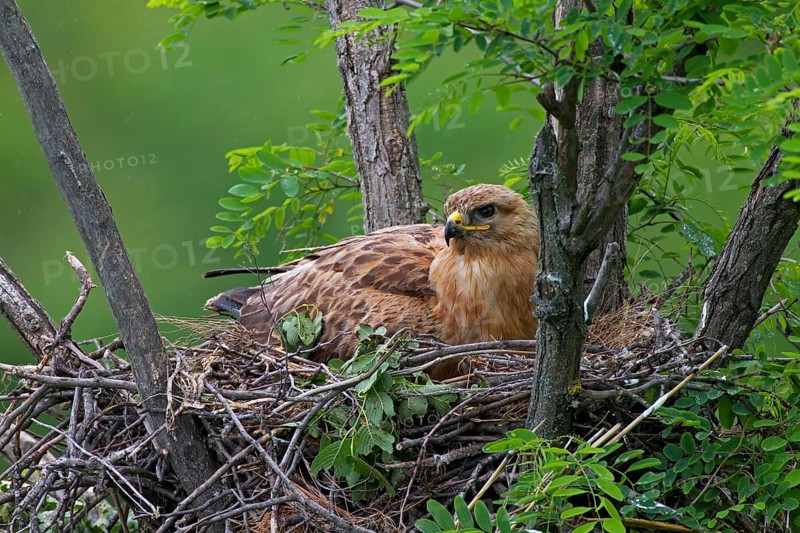 Long-legged Buzzard (Buteo Rufinus)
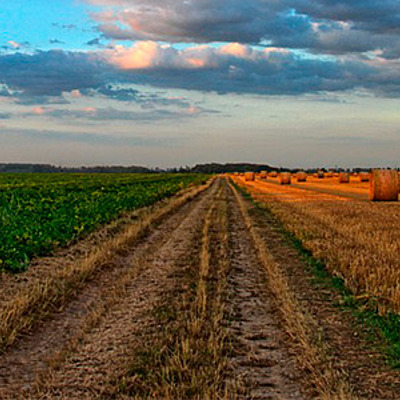 Timeline: Linea de tiempo impacto ambiental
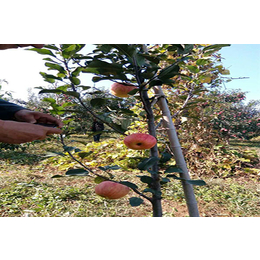 柱状苹果苗-贵州苹果苗-山东鑫农园艺(查看)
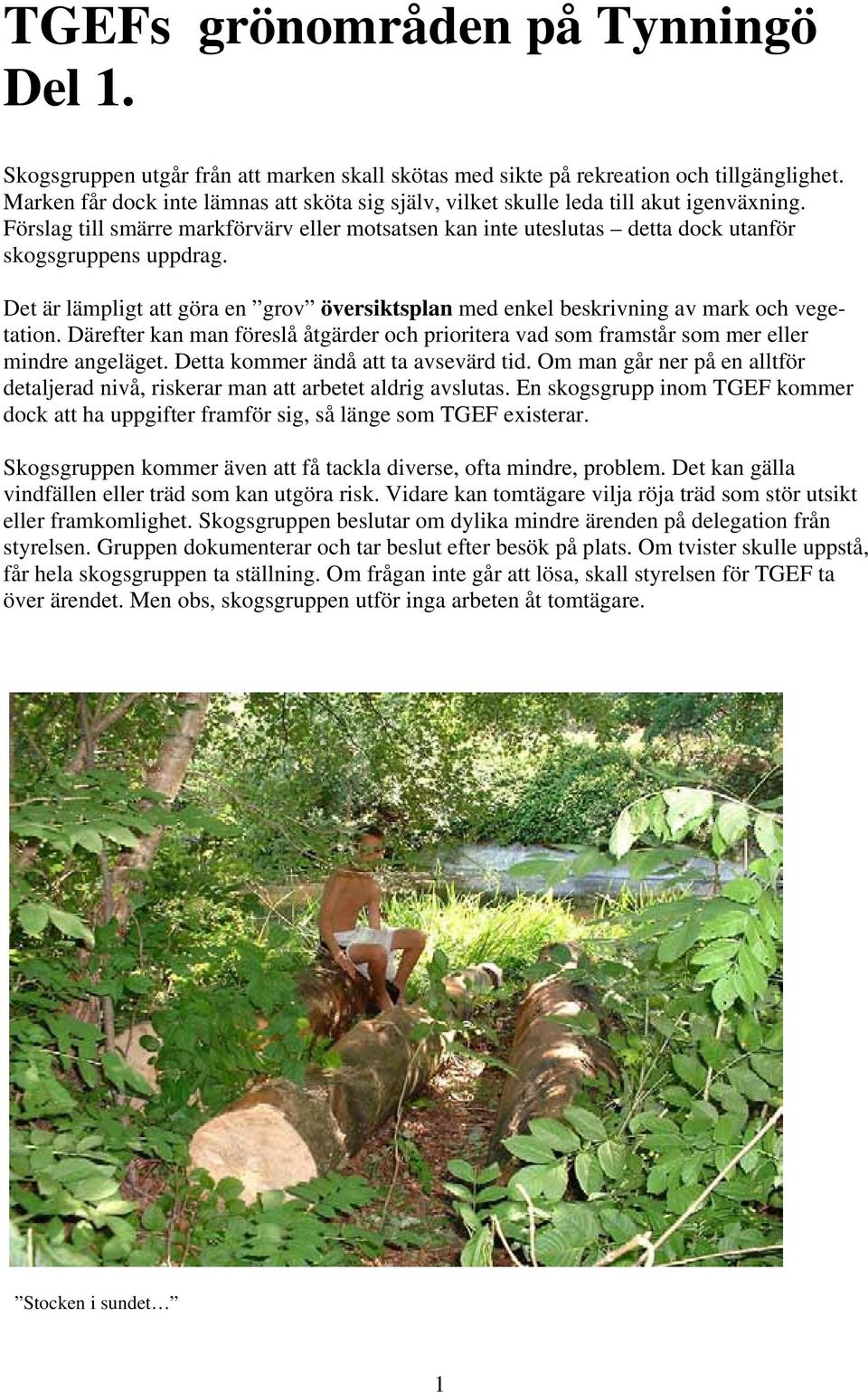 Det är lämpligt att göra en grov översiktsplan med enkel beskrivning av mark och vegetation. Därefter kan man föreslå åtgärder och prioritera vad som framstår som mer eller mindre angeläget.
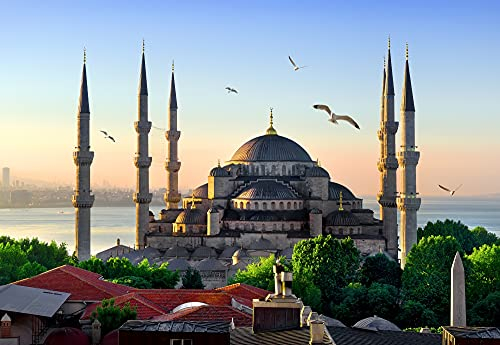 MOSCHEE Fototapete VLIES-450x280 cm (3611A)-Istanbul Palast Vögel Schloss Altstadt Türkei Wandtapete-Inkl. Kleister-Vliestapete Bild Dekoration Wand-Dekor Moderne Motiv-Tapete Panorama Poster XXL
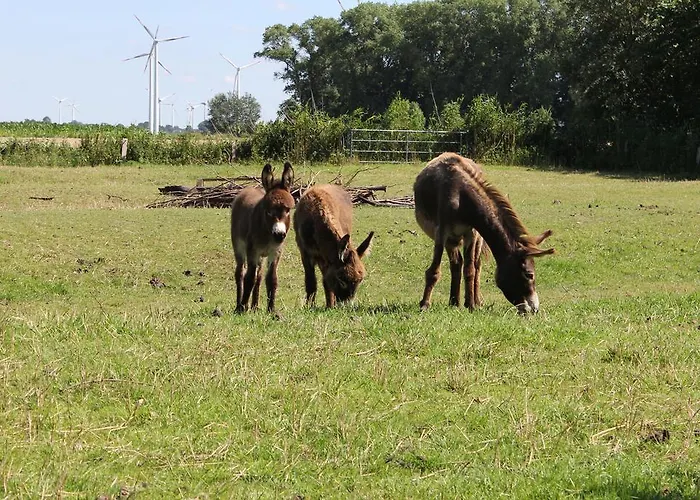 Casa vacanze Achtern Diek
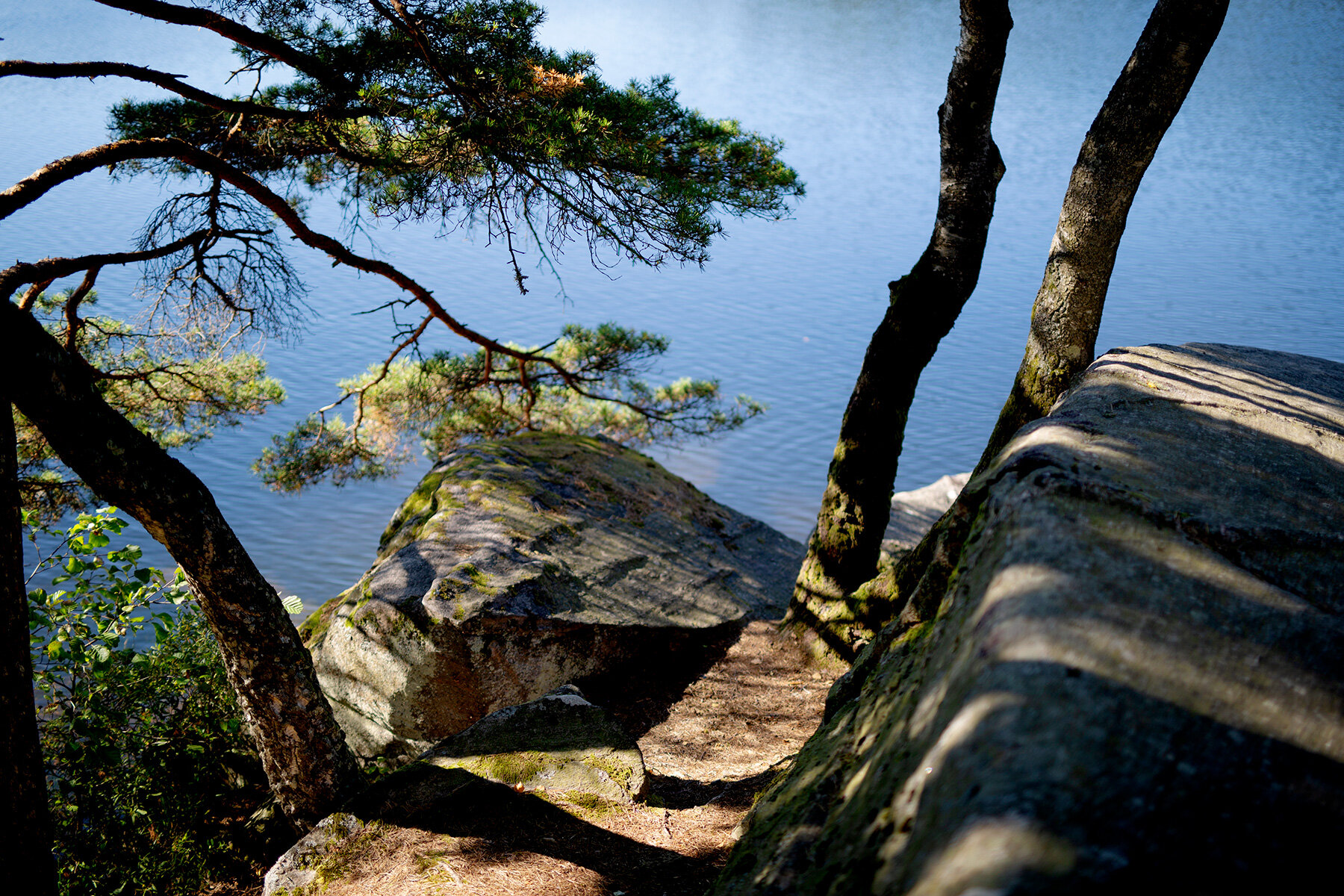 blogg-210904helsjon25.jpg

*Your task*:
Each entry is to be returned as it stands, and each picture is to be left out.

*Solved exercise*:
 Long-legged Buzzard (Buteo Rufinus)
 Timeline: Linea de tiempo impacto ambiental
 柱状苹果苗-贵州苹果苗-山东鑫农园艺(查看)
 Det är lämpligt att göra en grov översiktsplan med enkel beskrivning av mark och vegetation. Därefter kan man föreslå åtgärder och prioritera vad som framstår som mer eller mindre angeläget.
 MOSCHEE Fototapete VLIES-450x280 cm (3611A)-Istanbul Palast Vögel Schloss Altstadt Türkei Wandtapete-Inkl. Kleister-Vliestapete Bild Dekoration Wand-Dekor Moderne Motiv-Tapete Panorama Poster XXL
 Casa vacanze Achtern Diek
 blogg-210904helsjon25.jpg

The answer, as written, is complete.